● The data

• • • • •

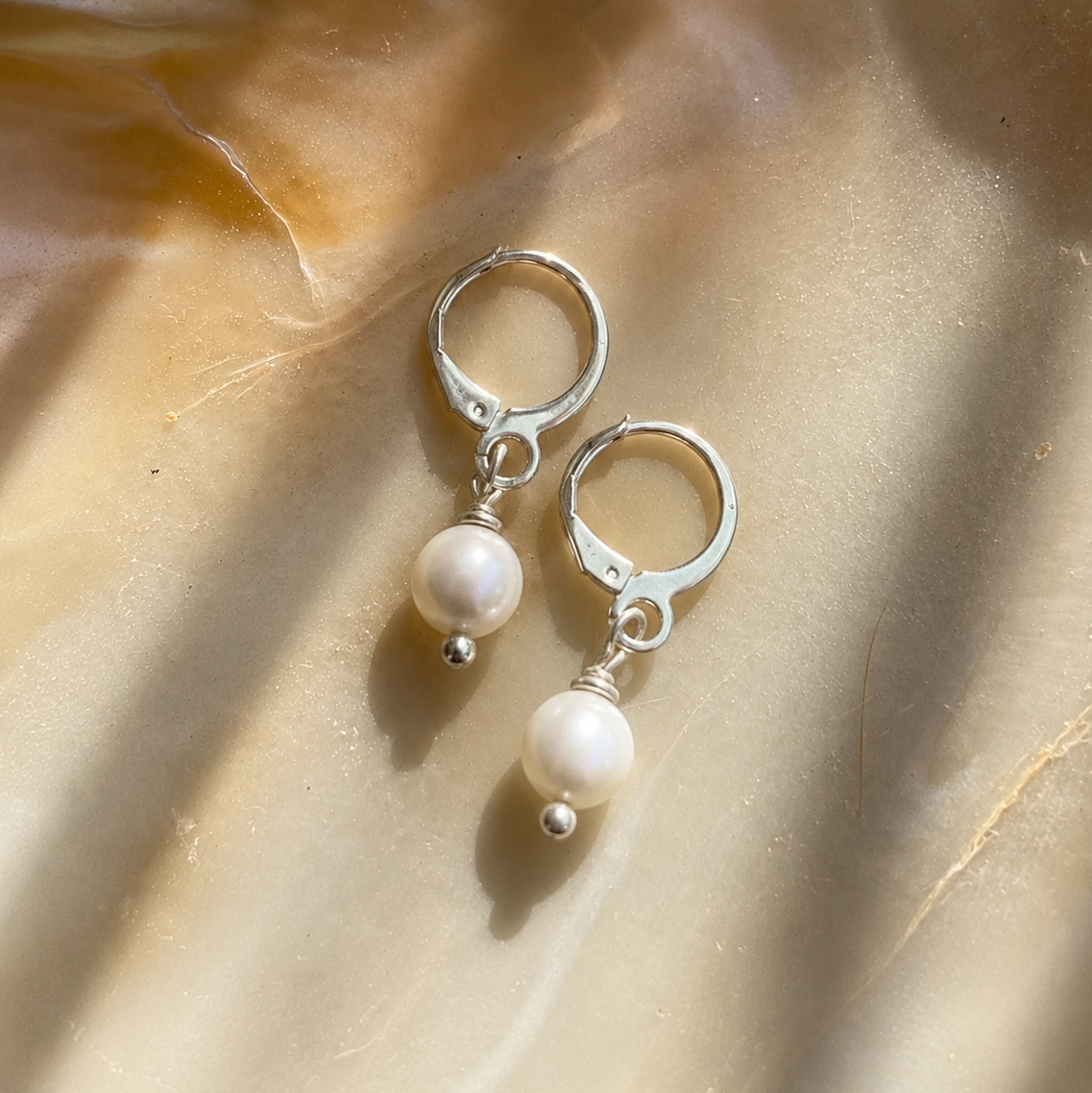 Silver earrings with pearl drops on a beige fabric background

• • • • •

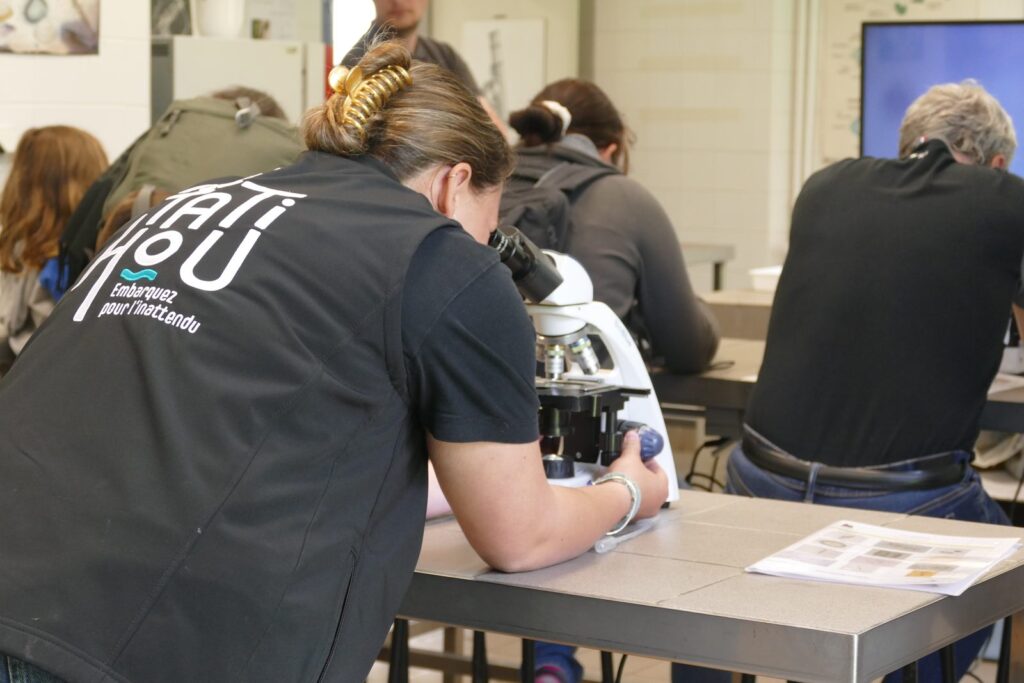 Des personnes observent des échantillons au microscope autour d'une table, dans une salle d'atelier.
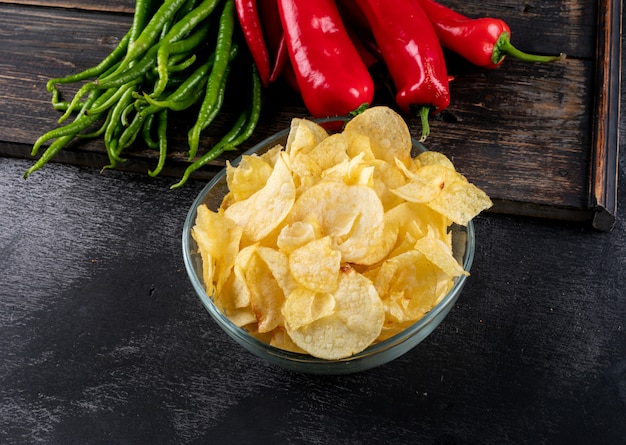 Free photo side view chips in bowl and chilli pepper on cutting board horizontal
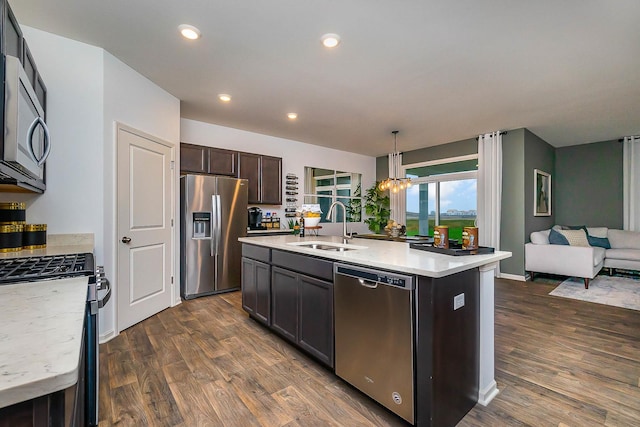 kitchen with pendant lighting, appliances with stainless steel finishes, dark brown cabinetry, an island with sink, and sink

• • • • •

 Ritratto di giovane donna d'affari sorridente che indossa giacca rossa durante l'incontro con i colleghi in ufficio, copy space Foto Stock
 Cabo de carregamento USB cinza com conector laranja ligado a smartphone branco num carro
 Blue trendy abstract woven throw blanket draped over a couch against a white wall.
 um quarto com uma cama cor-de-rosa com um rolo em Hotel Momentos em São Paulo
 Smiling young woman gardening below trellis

• • • • •

Of the entries above, repeat exactly the lines from the line with "Cabo de carregamento" through the line with "Smiling young woman gardening below trellis", both of them included.

 Cabo de carregamento USB cinza com conector laranja ligado a smartphone branco num carro
 Blue trendy abstract woven throw blanket draped over a couch against a white wall.
 um quarto com uma cama cor-de-rosa com um rolo em Hotel Momentos em São Paulo
 Smiling young woman gardening below trellis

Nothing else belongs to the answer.